PLC was founded in 2019 by the VPW and ABSP (and founding editor Prof. Nicolas Bouteca) as the continuation of the Dutch- and French-language political science journal Res Publica (archive at openjournal.ugent.be/rp and Boom Bestuurskunde), which was active from 1959 to 2018.

From 2019 until 2024, PLC was published and distributed as both an online and physical journal by the Eleven imprint of Boom. From 2025 onwards, PLC will be published by Radboud University Press.

After Prof. Nicolas Bouteca (Ghent University) stepped down as editor-in-chief in 2020, Prof. Min Reuchamps (UCLouvain) and Prof. Luana Russo (Maastricht University) became PLC’s editors-in-chief until 2024. From July 1, 2024 onwards dr. Maurits Meijers (Radboud University) and dr. Audrey Vandeleene (ULB) are the new editors-in-chief.

Journal audience

The primary readership of Politics of the Low Countries (PLC) includes political scientists, political sociologists, and public administration scholars with a regional focus on the Netherlands, Belgium, and Luxembourg. The journal serves a specialized yet diverse audience. Its target group includes researchers working on the politics of the Low Countries, as well as scholars from broader fields who are interested in comparative politics, regional political systems, and the societal impact of political developments in Belgium, the Netherlands, and Luxembourg. The journal also attracts international scholars engaged in area studies, especially those focusing on Western Europe. Beyond the academic sphere, the PLC section the State of the Profession is designed to appeal to practitioners, providing insights into contemporary political trends and issues pertaining to the academic profession in the Benelux region. By offering a mix of peer-reviewed articles, research notes, and critical reviews of PhD dissertations, PLC engages a wide range of academic readers while fostering collaboration between scholars across the Low Countries and beyond. This broad yet focused readership is key to the journal’s mission of advancing political science research with a regional emphasis on the Low Countries, while remaining accessible to a global academic audience.

 

Aims & Scope

 

Politics of the Low Countries (PLC) is an academic Diamond Open Access journal dedicated to publishing high-quality political science research with a regional focus on Belgium, the Netherlands, and/or Luxembourg. As the official journal of the Flemish (VPW), Francophone Belgian (ABSP), Luxembourg (LuxPol), and Dutch (NKPW) political science associations, PLC serves as a key platform for scholars interested in the politics and governance of the Benelux region. The journal's mission is to advance the understanding of political dynamics within these countries, contributing to both the scientific field and societal discussions on key regional issues.

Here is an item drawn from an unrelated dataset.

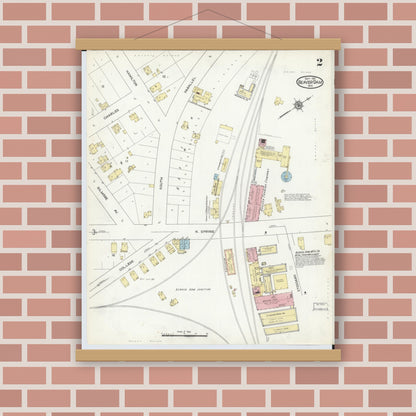 Old map wall art mockup — magnetic wood frame on brick wall — Sanborn Fire Insurance Map from Beaver Dam, Dodge County, Wisconsin (1914), Sheet #0002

PLC covers all major subfields of political science, including comparative politics, political sociology, public administration, and international relations, while emphasizing themes that are central to the Benelux region. Key topics of interest include electoral politics, political parties, governance and public policy, European integration, political institutions, and regionalism. In addition, the journal encourages submissions that connect political developments in the Low Countries to broader international or comparative debates, situating local research within a global context.

 

PLC publishes a range of article types to engage a diverse readership. The core of the journal consists of peer-reviewed research articles that offer original empirical or theoretical contributions. Special issues, which bring together teams of scholars from across the Low Countries and abroad, provide comprehensive perspectives on important research questions. The journal also features Research Notes, which present methodological contributions or descriptive analyses of some political phenomena, and Literature Reviews, which critically assess emerging political science debates or recent publications on a specific question.

To support early career researchers (ECRs), the journal includes a PhD Review section. Here, recently defended dissertations are summarized by the author and reviewed by a peer, providing valuable feedback and increasing visibility for doctoral work in the region. The State of the Profession section offers a platform for scholars to reflect on developments affecting the political science discipline in the Benelux countries.

With a commitment to rigorous academic standards and diamond open access, PLC aims to be the leading outlet for political science research on the Low Countries, serving both academic and practitioner audiences.